**What is expected:** Look for "Workout" in the records and copy every line that has it.

(Short text fragments from websites)
○ ○ ○ ○

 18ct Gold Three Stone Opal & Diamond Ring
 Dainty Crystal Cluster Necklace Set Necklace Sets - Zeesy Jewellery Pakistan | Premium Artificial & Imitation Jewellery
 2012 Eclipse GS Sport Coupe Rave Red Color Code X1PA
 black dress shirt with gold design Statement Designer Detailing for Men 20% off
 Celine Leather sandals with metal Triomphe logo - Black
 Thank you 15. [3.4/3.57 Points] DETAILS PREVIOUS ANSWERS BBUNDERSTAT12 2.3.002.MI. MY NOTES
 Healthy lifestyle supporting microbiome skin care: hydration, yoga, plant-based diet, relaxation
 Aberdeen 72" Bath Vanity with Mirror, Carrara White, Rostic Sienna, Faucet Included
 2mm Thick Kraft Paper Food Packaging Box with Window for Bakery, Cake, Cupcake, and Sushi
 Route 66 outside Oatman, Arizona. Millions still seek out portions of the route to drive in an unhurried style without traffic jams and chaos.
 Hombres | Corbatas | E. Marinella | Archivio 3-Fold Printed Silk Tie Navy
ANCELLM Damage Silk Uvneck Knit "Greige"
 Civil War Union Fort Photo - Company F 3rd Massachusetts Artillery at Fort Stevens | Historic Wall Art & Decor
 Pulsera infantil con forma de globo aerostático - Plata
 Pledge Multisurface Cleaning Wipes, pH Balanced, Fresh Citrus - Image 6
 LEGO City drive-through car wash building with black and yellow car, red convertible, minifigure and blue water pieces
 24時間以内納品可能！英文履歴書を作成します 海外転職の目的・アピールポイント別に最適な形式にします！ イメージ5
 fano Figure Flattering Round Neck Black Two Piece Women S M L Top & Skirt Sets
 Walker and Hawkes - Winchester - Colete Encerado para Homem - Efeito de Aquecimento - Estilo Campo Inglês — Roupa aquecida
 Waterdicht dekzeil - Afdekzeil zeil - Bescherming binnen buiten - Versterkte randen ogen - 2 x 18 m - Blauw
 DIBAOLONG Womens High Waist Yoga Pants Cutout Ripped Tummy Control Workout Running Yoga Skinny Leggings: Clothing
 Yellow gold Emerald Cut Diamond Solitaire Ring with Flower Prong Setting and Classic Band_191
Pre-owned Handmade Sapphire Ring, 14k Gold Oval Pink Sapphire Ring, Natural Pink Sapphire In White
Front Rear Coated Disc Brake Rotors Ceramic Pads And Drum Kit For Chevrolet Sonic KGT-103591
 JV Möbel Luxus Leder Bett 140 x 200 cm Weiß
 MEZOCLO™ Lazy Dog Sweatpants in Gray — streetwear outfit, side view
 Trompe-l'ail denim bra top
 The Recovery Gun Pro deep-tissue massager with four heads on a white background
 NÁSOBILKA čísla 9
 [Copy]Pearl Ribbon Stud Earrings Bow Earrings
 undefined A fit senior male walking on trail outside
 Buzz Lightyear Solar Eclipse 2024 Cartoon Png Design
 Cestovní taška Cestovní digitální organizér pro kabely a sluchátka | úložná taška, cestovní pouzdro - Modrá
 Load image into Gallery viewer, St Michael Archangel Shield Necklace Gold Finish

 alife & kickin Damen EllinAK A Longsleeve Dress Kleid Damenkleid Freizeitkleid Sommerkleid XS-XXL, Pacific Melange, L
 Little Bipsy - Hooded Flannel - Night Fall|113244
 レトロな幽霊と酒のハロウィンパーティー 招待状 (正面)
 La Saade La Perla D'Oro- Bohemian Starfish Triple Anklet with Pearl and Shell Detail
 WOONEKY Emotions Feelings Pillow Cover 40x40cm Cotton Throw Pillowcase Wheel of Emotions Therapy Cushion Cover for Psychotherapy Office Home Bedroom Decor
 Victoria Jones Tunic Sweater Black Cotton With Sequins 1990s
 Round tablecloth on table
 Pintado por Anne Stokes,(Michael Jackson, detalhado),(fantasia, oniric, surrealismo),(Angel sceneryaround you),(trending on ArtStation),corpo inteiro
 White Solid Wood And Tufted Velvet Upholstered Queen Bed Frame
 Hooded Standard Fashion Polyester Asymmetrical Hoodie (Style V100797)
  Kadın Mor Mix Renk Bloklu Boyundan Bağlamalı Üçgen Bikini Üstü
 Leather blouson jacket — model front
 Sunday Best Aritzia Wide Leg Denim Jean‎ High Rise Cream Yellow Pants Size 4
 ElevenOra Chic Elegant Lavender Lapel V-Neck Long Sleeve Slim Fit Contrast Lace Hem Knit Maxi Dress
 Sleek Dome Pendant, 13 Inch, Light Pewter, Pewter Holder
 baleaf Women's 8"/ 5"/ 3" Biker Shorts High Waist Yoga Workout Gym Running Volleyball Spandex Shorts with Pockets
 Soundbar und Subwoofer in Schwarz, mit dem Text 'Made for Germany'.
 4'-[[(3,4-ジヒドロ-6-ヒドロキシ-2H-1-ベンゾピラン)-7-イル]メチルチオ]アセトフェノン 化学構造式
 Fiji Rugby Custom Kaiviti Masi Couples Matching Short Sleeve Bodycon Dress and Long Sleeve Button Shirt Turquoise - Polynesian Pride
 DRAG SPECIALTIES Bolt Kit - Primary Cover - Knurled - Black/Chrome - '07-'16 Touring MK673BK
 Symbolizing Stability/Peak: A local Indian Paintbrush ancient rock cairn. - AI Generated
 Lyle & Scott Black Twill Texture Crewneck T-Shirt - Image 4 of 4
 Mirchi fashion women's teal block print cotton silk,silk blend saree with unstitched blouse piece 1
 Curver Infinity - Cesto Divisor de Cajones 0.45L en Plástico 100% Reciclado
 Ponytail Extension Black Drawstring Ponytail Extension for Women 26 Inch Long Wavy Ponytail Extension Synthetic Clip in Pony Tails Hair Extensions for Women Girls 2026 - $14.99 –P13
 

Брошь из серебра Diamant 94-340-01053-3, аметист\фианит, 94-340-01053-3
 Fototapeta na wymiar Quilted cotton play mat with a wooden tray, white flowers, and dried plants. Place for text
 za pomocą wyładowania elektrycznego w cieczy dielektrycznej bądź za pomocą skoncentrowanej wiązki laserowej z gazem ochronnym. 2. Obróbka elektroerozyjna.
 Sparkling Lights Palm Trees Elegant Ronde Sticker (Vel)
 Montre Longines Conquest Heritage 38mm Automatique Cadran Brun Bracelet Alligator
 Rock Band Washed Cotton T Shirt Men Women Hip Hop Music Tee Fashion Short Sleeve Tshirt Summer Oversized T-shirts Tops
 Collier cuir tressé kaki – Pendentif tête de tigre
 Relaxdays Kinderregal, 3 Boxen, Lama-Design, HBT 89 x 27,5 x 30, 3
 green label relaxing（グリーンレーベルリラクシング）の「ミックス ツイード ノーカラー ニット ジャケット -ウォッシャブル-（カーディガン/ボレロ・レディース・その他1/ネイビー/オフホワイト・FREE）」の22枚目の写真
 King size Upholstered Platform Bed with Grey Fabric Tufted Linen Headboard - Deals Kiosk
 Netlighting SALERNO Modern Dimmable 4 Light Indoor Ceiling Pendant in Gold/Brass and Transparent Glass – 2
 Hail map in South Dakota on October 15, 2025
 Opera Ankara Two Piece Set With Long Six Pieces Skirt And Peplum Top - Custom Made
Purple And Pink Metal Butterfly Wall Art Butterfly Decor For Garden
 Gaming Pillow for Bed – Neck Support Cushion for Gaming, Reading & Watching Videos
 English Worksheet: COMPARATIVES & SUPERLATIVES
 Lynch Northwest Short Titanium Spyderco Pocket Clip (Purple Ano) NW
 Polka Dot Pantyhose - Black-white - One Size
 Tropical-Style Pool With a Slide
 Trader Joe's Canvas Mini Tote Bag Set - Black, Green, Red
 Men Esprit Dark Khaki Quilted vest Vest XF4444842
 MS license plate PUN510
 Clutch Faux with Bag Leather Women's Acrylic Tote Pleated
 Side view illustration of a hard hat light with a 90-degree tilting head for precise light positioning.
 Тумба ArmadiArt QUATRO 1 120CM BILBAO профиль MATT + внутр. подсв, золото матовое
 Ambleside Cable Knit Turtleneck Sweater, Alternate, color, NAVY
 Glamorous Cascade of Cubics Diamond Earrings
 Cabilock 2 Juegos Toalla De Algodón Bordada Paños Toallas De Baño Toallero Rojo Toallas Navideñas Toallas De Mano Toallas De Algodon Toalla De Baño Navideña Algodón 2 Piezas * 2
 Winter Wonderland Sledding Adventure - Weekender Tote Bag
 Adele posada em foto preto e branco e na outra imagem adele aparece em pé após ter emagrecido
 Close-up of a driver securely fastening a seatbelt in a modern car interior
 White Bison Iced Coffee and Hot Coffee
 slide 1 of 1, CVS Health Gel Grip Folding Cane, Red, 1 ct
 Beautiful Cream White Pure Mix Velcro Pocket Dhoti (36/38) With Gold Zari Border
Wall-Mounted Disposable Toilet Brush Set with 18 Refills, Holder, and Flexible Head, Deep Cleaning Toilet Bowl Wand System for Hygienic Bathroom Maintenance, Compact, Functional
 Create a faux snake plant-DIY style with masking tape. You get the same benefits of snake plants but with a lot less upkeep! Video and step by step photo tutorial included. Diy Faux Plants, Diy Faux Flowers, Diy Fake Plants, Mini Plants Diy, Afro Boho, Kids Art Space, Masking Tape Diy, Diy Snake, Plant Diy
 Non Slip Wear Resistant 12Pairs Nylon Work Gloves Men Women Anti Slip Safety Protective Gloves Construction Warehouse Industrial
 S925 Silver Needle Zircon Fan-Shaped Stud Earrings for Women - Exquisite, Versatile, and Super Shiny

○ ○ ○ ○

**Response to this exercise:**
 DIBAOLONG Womens High Waist Yoga Pants Cutout Ripped Tummy Control Workout Running Yoga Skinny Leggings: Clothing
 baleaf Women's 8"/ 5"/ 3" Biker Shorts High Waist Yoga Workout Gym Running Volleyball Spandex Shorts with Pockets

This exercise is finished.